Melbourne’s Encircling Sea are painstakingly slow at times, the synth wandering amongst the brutal guitar and bass adds an unsettling ambience to their doom-sludge sound. Screeching vocals and judicious use of cymbal crashes punctuate the claustrophobic songs, eerie synth chords and minimalistic drumming tying everything together, touching on a diverse range of genres, from black metal to doom to post rock and noise. The place is packed out right from the start, Encircling Sea well deserving of the audience.

Heirs are another hard band to pin down sonically, lurking somewhere underneath that umbrella descriptor of ‘post rock’, though tinted with elements of electronica and industrial, among others. They begin their set with a synth intro, sounding a little bit like noises from an old, broken radio. The rest of the band fall in, building to a pulsating crescendo, filling the room and the crowd’s eardrums with every available frequency.

Guitarist Brent Stegeman stands at the front of the stage staring intensely into the audience, throwing himself into the music with a jarring, almost mechanical ferocity. On the other side of bass player Laura Bradfield is guitarist Ian Jackson, formerly of Damn Arms. He stands further back on stage, partly in shadow, hunched over his own instrument and an array of pedals. Second track “Burrow”, from their 2010 album Fowl, is the standout in the set.

Theremin player Miles Brown is astonishing. It shrieks and oscillates, his hands moving through the air with an almost robotic precision, subtle changes in pitch expertly commanded. The skill with the instrument that Brown shows captivates everyone in the place. He coaxes an amazing array of noise out of his instrument, the theremin’s ethereal sound weaving through the rest of the band’s more percussive elements.

Later in the set, “Fowl”, the title track off of the same album, builds from minimal roots, Damien Coward’s metronomic drum beat punches through the organic walls of synth and guitar, blending in to create a throbbing, Giger-esque cacophony. Heirs create a beautiful and haunting soundscape, Bradfield’s bass and Coward’s drumming pinning down the tempo amid the more ambient elements of their songs. Equal parts hypnotic and threatening, they hold the audience firmly entranced as they finish in a hail of feedback, opening the stage for Alcest, the audience cramming further into the John Curtin band room.

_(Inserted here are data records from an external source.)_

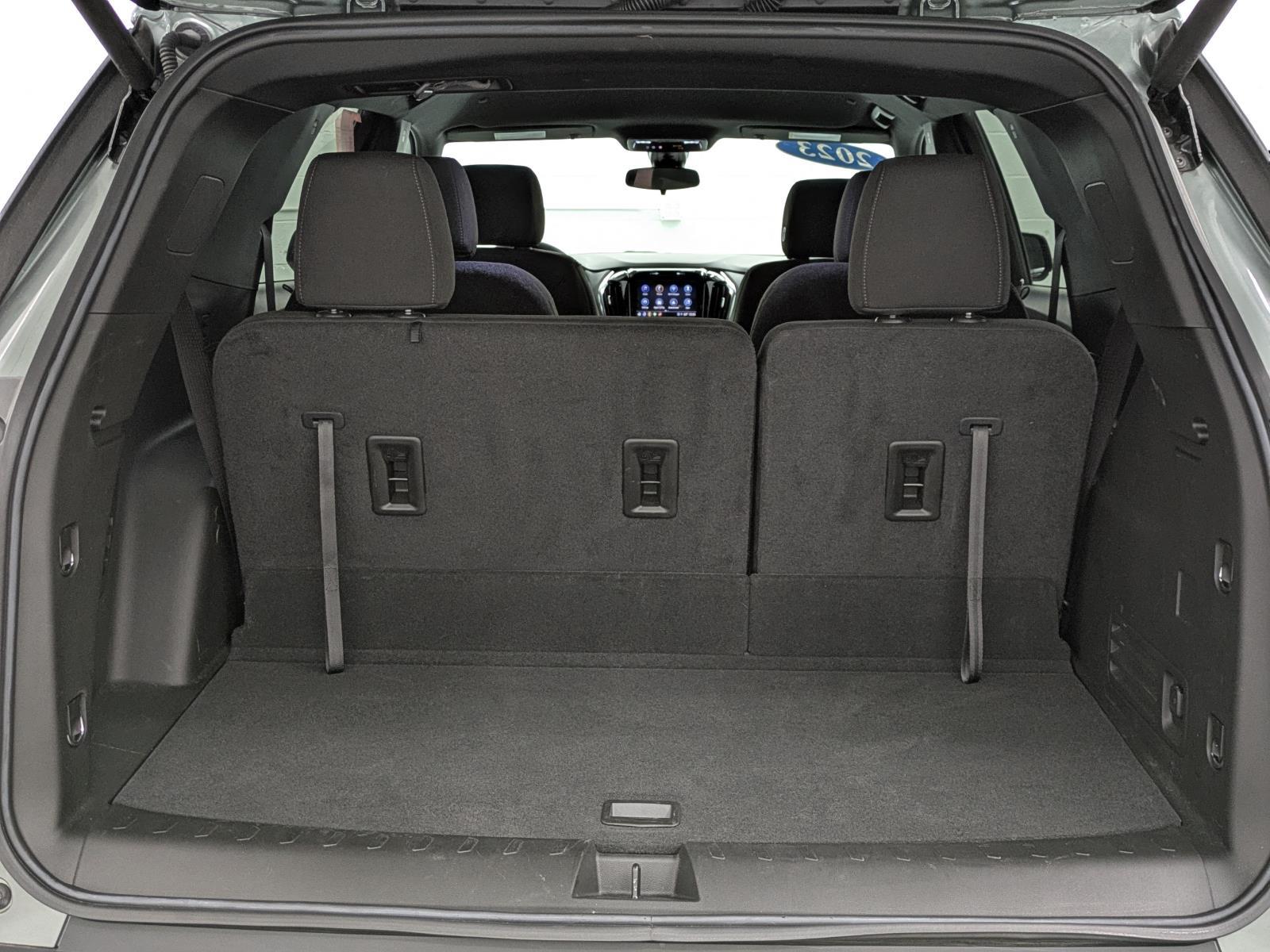 2023 Chevrolet Traverse Cloth photo 12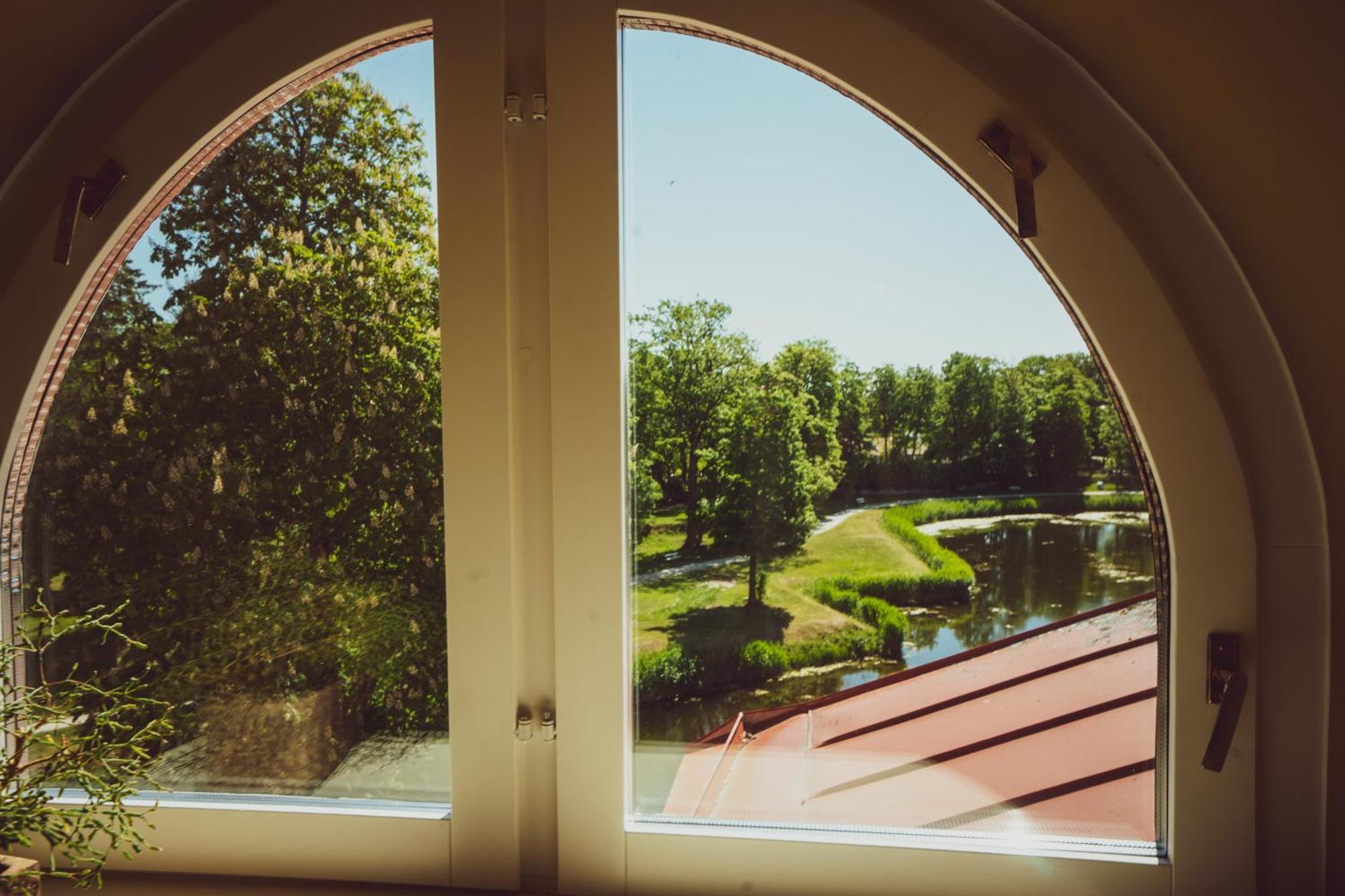 Ekesparre Boutique Hotel Kuressaare Dış mekan fotoğraf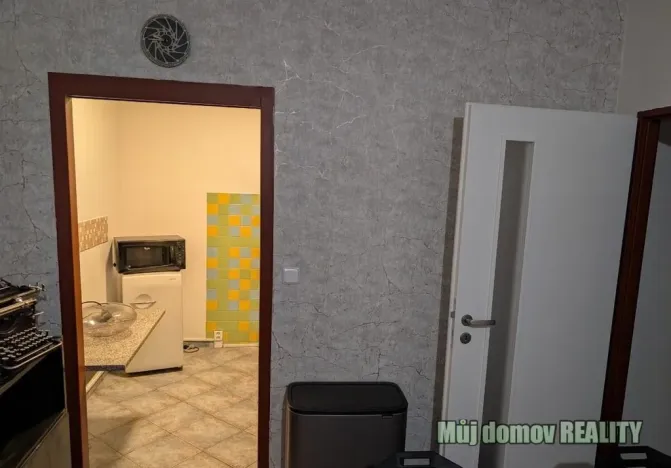 Pronájem bytu 2+kk, Praha - Kobylisy, Kurkova, 45 m2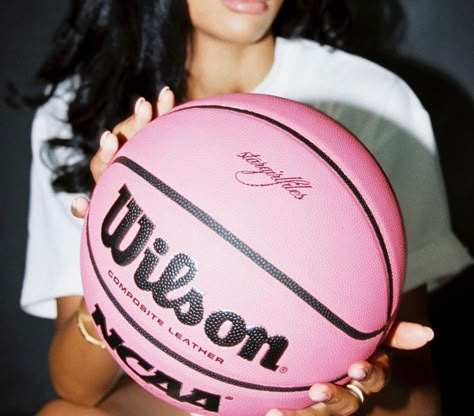 Black Basketball Aesthetic, Basketball Lifestyle Aesthetic, Women’s Basketball Aesthetic, Vision Board Ideas Basketball, Female Basketball Aesthetic, Wbb Aesthetic, Courtside Baddie, 90s Basketball Aesthetic, Womens Basketball Aesthetic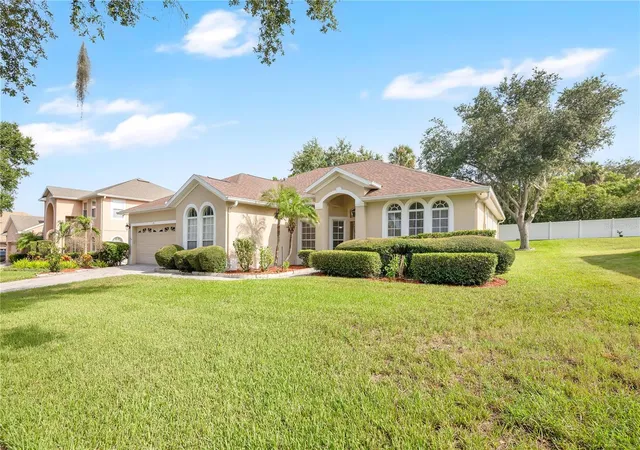 Photo 2 of Single family home for sale at 253 Beacon Pointe Dr, Ocoee, FL 34761 | MLS# O6436632 | Listing updated on 2026-09-06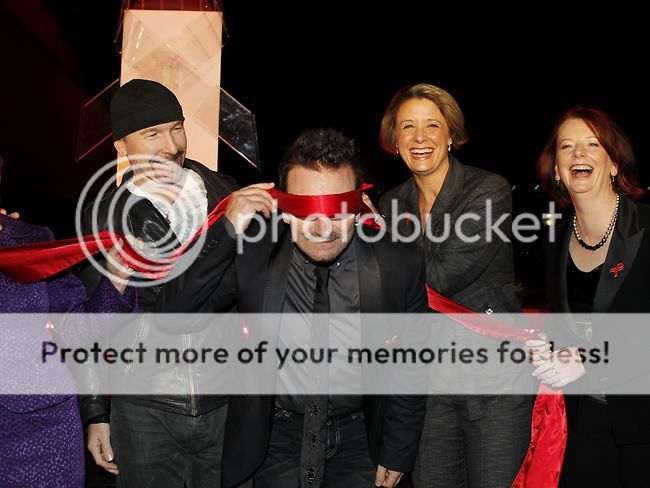 791365-gillard-meets-bono.jpg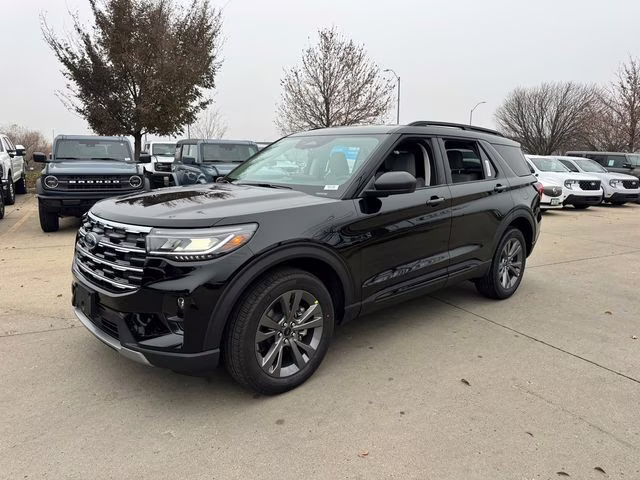 2026 Agate Black Metallic Ford Explorer Active 4X4 SUV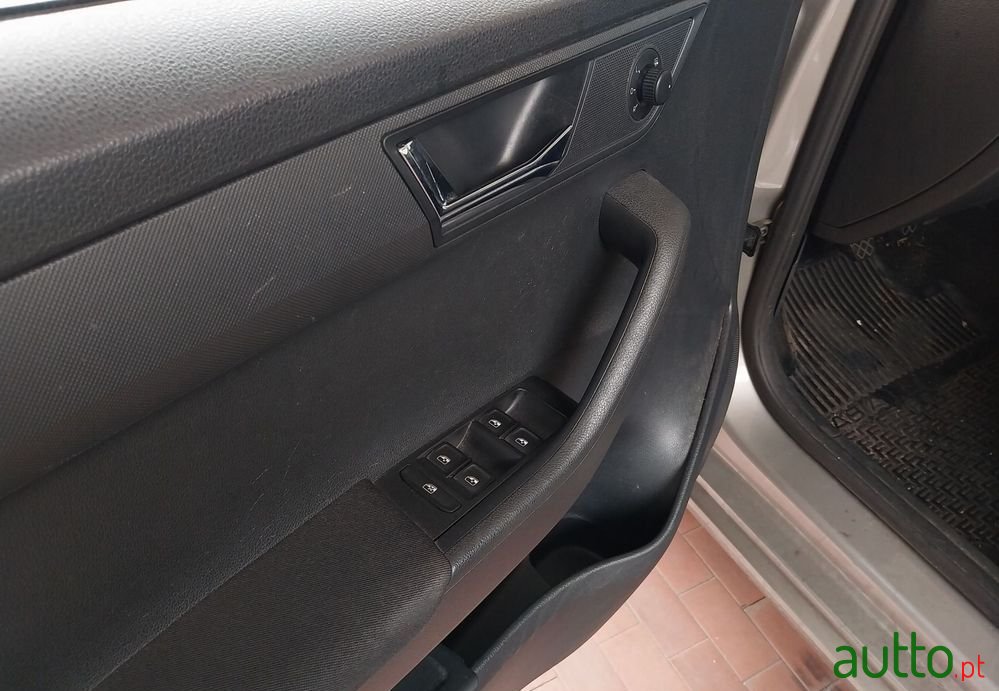 2015' Skoda Fabia Break photo #3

Formerly considered a black metal band, the departure of earlier members left frontman Neige to develop as a solo artist, driven by his visions as a child of an unknown world beyond our scope of reality. The theatrical, sometimes epic songs seem to draw on a vast array of influences, with hints of shoegaze, various sub genres of metal and even the wall of noise in some of the instrumental parts calling to mind My Bloody Valentine.

Alcest clearly enjoy a respectable following in Melbourne, as the full 300-capacity venue, their second packed out show here, can attest. After the doom-driven Encircling Sea and the heavy bass lines of Heirs, Alcest bring a subtle but definite brightening of the atmosphere. Their half-shrieked, dream-like vocals stand out against the earlier purely instrumental bands also. The sound is a little washed out on their first song, but by the second it’s been sorted. Alcest are definitely loud, playing with a fervent energy, the crowd responding enthusiastically. Neige’s testament to his childhood dreamscape has created an interesting and sonically unique band, enlivening the sometimes awkward space on stage in the John Curtin’s rather open band room on a Thursday night.